§ EXERCISE BRIEF
Please restate each line of the data below exactly. Omit all images.

* * * * *

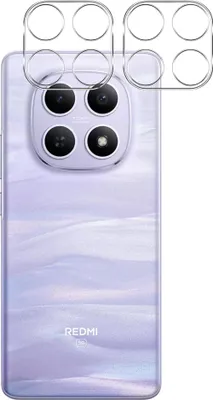 Produktbild von Kameraschutz für Xiaomi Redmi Note 15 5G [2 Stück] Kamera Schutzfolie Durchsichtiges gehärtetes Glas Folie Rückseite Linse Kratzschutzfolie Linsenschutz Phonillico®
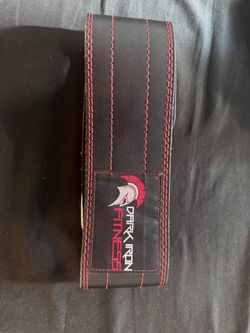 Dark Iron Fitness Leather Weightlifting Belt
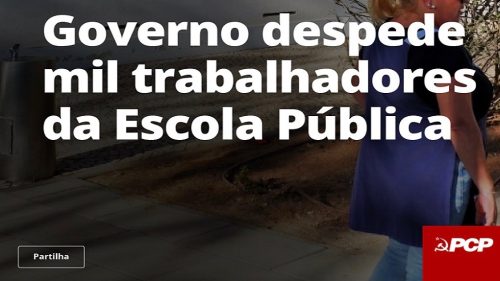 Portuguese Communists against school workers redundancies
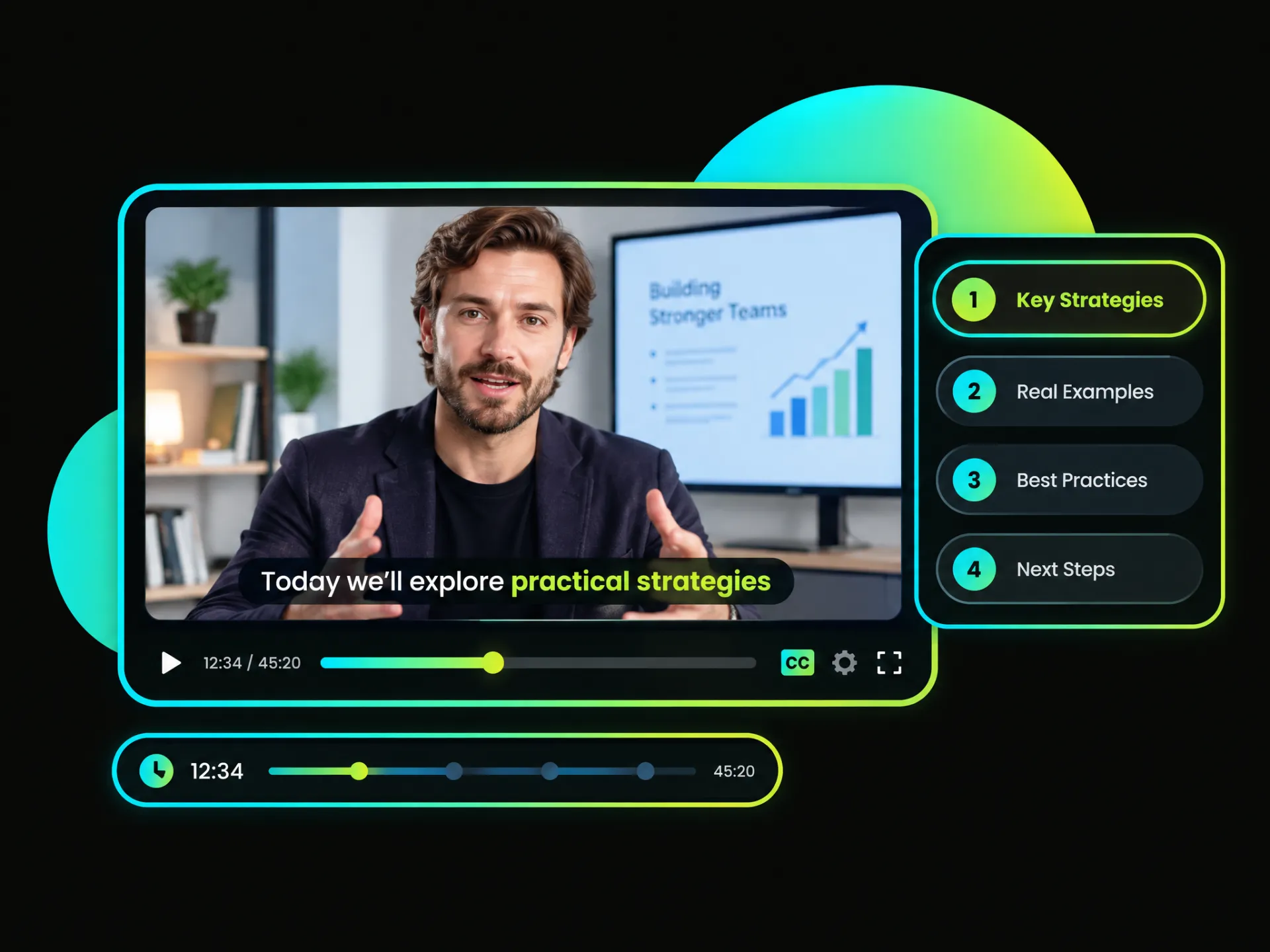 adding captions to youtube webinar videos to help viewers catch the key points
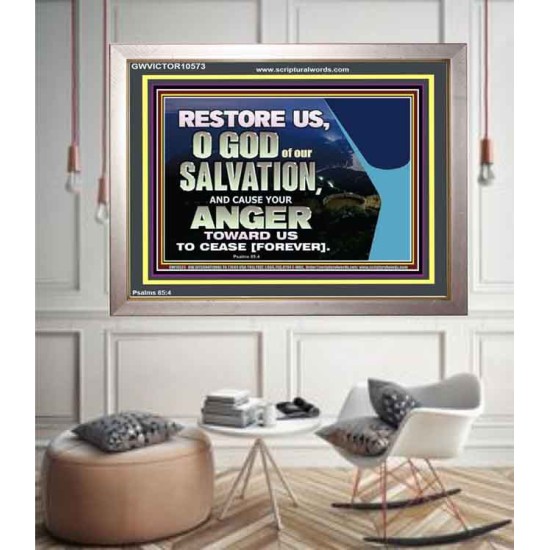 GOD OF OUR SALVATION  Scripture Wall Art  GWVICTOR10573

* * * * *

§ EXERCISE SOLUTION
 Produktbild von Kameraschutz für Xiaomi Redmi Note 15 5G [2 Stück] Kamera Schutzfolie Durchsichtiges gehärtetes Glas Folie Rückseite Linse Kratzschutzfolie Linsenschutz Phonillico®
 Dark Iron Fitness Leather Weightlifting Belt
 Portuguese Communists against school workers redundancies
 adding captions to youtube webinar videos to help viewers catch the key points
 GOD OF OUR SALVATION  Scripture Wall Art  GWVICTOR10573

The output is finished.